Dr Erik Mobrand during the presentation. (Source: ISEAS – Yusof Ishak Institute)
Dr Mobrand’s seminar focussed on the growing trend globally and in Northeast Asia and Southeast Asia of the regulation of political parties through legal means. In Northeast Asia, Dr Mobrand focussed on the legal regulation of political parties in Taiwan and South Korea, two regions that made the transition from dictatorship to democracy in the mid-1980s. In Southeast Asia, he focussed on similar dictatorship to democracy case studies by looking at Thailand in the 1990s, post-Soeharto Indonesia, independent Timor Leste and Myanmar. In most cases, existing political party laws were not cancelled as part of the transition to democracy but modified for a democratic political order. In the case of South Korea, the Electoral Commission is very powerful in relation to political parties and the legal regulation of parties targets the internal workings of parties. In the case of Taiwan, the focus of legal regulation is much more on the protection of political pluralism. Indonesia’s regulation requires that all political parties have chapters in each province and branches in at least 75% of municipalities to ward against regional parties.
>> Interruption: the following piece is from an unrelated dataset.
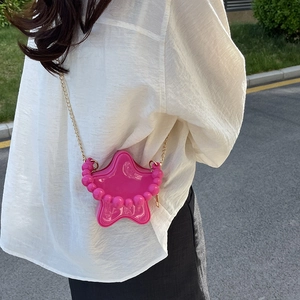 Star shaped rose pink crossbody bag with large bead handle and gold chain strap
From Left to Right: Dr Malcolm Cook and Dr Erik Mobrand (Source: ISEAS – Yusof Ishak Institute)
Dr Mobrand’s presentation was followed by a lively question period that ran beyond the formal end of the seminar. Questions asked could be grouped into four categories – how laws on political parties are enforced or not in practice, why the South Korean electoral commission was given so much power (including having overseas offices), rules affecting overseas voting and party activities, and similarities between the legal regulation of political parties and of other civil society groups.
People who attended the seminar came from the private sector, Singapore’s think tank community and the academia. (Source: ISEAS – Yusof Ishak Institute)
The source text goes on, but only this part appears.